75 Tasting Notes
When I first made this tea, I couldn’t taste the chestnuts at all… I can’t say I have the most refined tea palate, but still. Then I got a cold one time and decided to have this as my ‘get better’ tea, with some honey, and suddenly the chestnut was there! Doesn’t work the same way at all if I just add sugar. So I love this with a bit of honey. Not too much, though, otherwise it overpowers the tea flavour.
I am very fond of this tea. It’s my favourite un-flavoured black tea for milkless consumption. I think I may have tasted it with milk once, but it’s not really strong enough for that in my opinion (the colour is off; makes it look like ditch water a bit). But just on its own, it’s absolutely wonderful. At first I had a hard time believing it wasn’t flavoured, the aroma and the taste are just so complex and lovely. It makes me think of chestnuts a bit… It’s a wonderful tea to have with something sweet on the side, especially pound cake. Very good with pound cake :) It’s not at all bitter, but I do like steeping it for only 2 or 2.5 minutes, it doesn’t seem to need more.
Preparation
This is my first tasting note and it’s making me strangely nervous. I am still working out what kinds of tea I like (but then – isn’t everyone?) AND how to prepare them properly/to my liking, so I don’t feel quite ‘qualified’ to be assessing a tea, but here we go!

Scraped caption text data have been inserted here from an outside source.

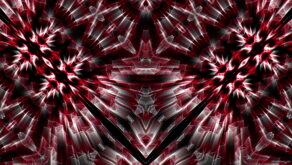 vj video background Red-Waves_1920x1080_29fps_VJLoop_LIMEART_003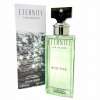 Calvin Klein Eternity Reflections parfumovaná voda dámska 100 ml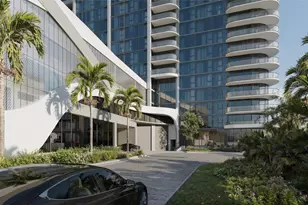 3000 E Oakland Park Blvd, Fort Lauderdale, FL 33306 - Photo 20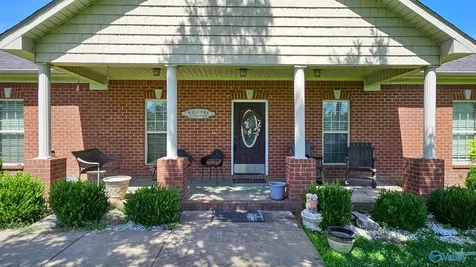 16811 Poplar Creek Road Athens AL 35611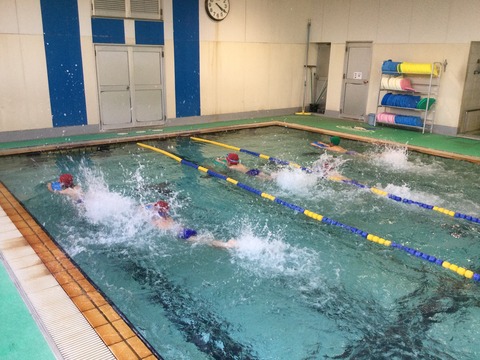 0B537DAB-EF07-482F-A36E-3AD63716F33B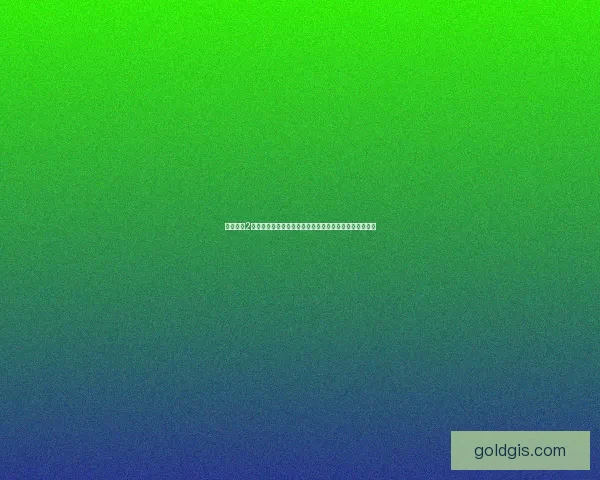 贪婪洞窟2密令大全及最新兑换码获取攻略，轻松升级装备提高战力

I was in Paris a couple of weeks ago and raided Mariage Freres. I only found out about them because of Steepster, so – thank you Steepster. Then I had to wait for 3 days before I could try any of the teas, since I couldn’t boil water at the hotel. Now that was a mild form of torture. Oh, by the way – does anyone know why tea is so expensive in Parisian cafes? It tends to be around 5-6 (or more) euros per cup.
I absolutely loved MF’s De-stress tea (green & flowery/herby) and Confucius (smokey oolong! the joy!), but while I was decently happy with both Marco Polo and Pleine Lune, I wasn’t over the moon about them. [sorry, couldn’t resist.] I’d always been drawn to flavoured black tea, but with the exception of a whole lot of variations of chais and Earl Greys/citruses, I hadn’t had much luck.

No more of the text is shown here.